Ce secteur 5 de la Ville concentre un taux très élevé d'enfants de 3 à 6 ans vivant dans des familles en grande difficulté socio-économique ainsi que des familles mono parentales
De plus, il n'existe actuellement sur le quartier Jouhaux aucune structure de proximité
Face à ce constat, la ville a décidé d'accompagner ce nouvel accueil de loisirs qui développe une pédagogie particulièrement adaptée aux enfants en difficulté d'apprentissage et des enfants porteurs de handicap qui pourront d'ailleurs être accueillis jusqu'à 8 ans.
Ce projet co-financé par la CAF, au travers du nouveau contrat Enfance Jeunesse, est intéressant à plus d’un titre.
Le projet pédagogique de la Maison d’enfantine a trois objectifs prioritaires :
· Favoriser la construction de la personnalité de l’enfant par la mise en place d’actions éducatives d’éveil et de socialisation. Notamment au travers de l’apport de la pédagogie Montessori
· Favoriser l’accueil d’enfants porteurs de handicap
· Favoriser la rencontre de publics d’origines sociales différentes : sur les 24 places (10 / quartier ; 10 / extérieurs ; 4 / enfants porteurs de handicaps)

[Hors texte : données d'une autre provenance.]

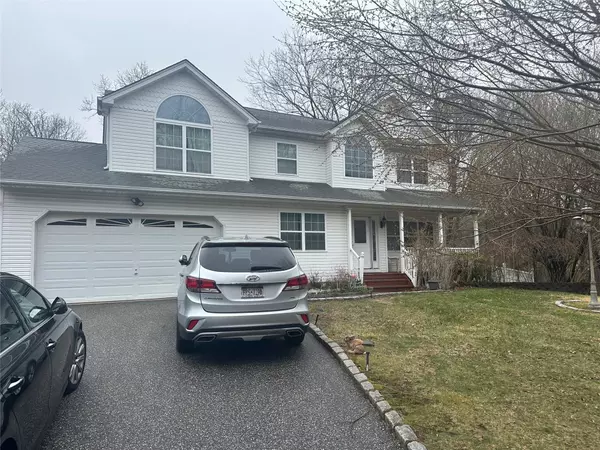 17 Mill LN, Medford, NY 11763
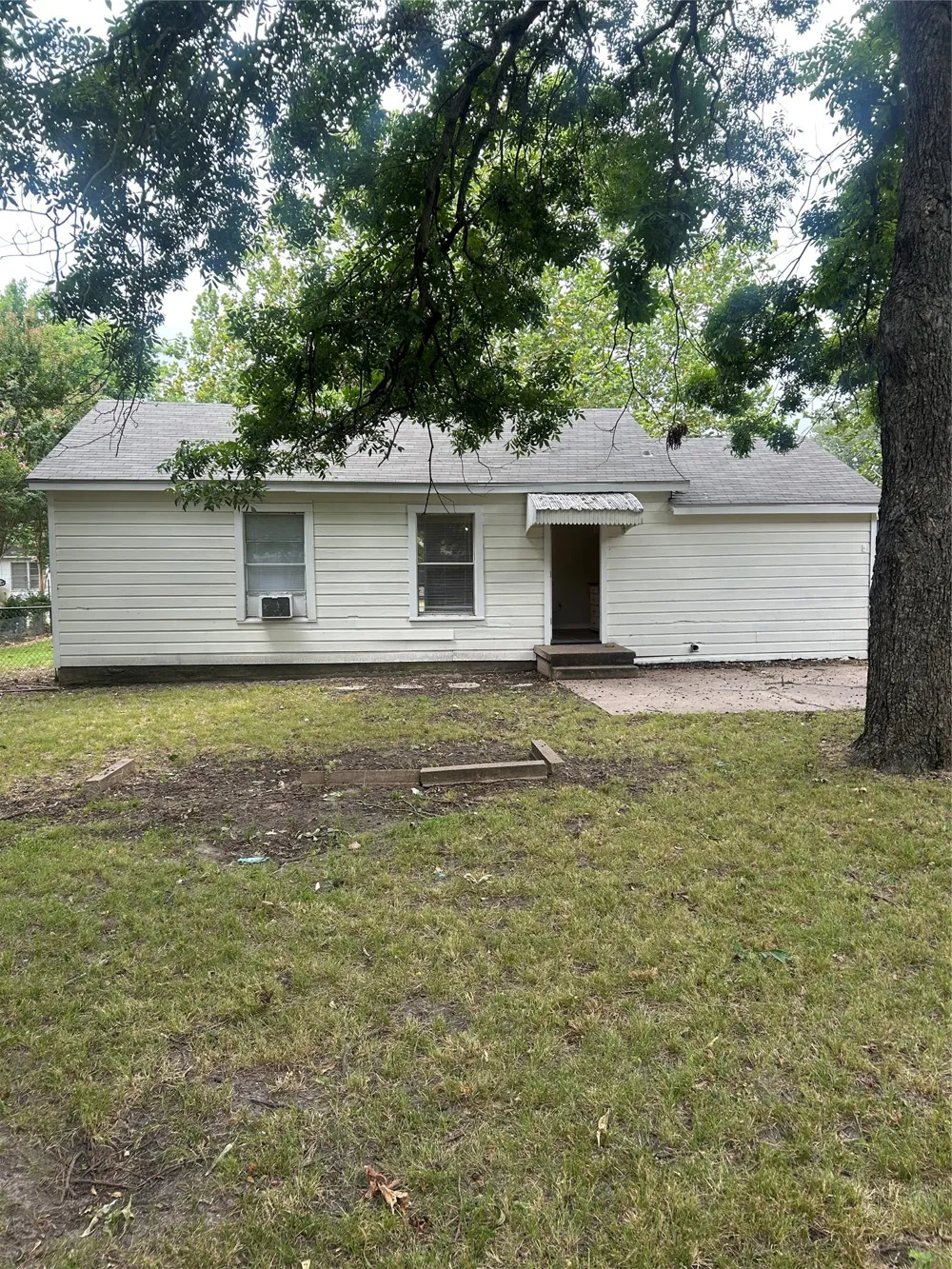 1615 Highland Avenue Sherman, TX 75092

Le travail que réalise l’association se fait également en réseau avec l’ensemble des acteurs du quartier. La maison d'enfantine travaillera en partenariat étroit avec les structures du quartier existantes: centres sociaux, bibliothèque, structures socioculturelles, et s'impliquera dans les temps festifs, journées portes ouvertes organisées par les partenaires.
La Maison d’enfantine est une offre complémentaire, qui propose une démarche différente de celles portées par les autres centres de loisirs du secteur. Ce projet fera l'objet d'une évaluation externe afin de vérifier la réalisation des objectifs, la possibilité d’un ajustement continu et la mise en évidence d’enseignements pratiques et théoriques
Lundi
en conseil municipal nous avons délibéré et voté autour de la convention que la ville et la CAF allait signer dans le cadre du partenariat pour la mise en place d'une structure passerelle sur le
quartier Jouhaux. L'ensemble des conseillers municipaux ont voté pour excepté le groupe PC qui a voté contre ne souhaitant pas que le ville palie au désengagement de l'Etat et
à l'action engagé par l'état contre l'école maternelle. Pour nous la structure passerelle ré-affirme l'importance de l'école, elle n'est qu'un passage. Nous connaissons tous le rôle manifeste que joue l’école maternelle en faveur des enfants les moins favorisés devant l’accès au
savoir. L’école maternelle constitue le socle éducatif et pédagogique sur lequel s’appuient et se
développent les apprentissages qui seront systématisés à l’école élémentaire.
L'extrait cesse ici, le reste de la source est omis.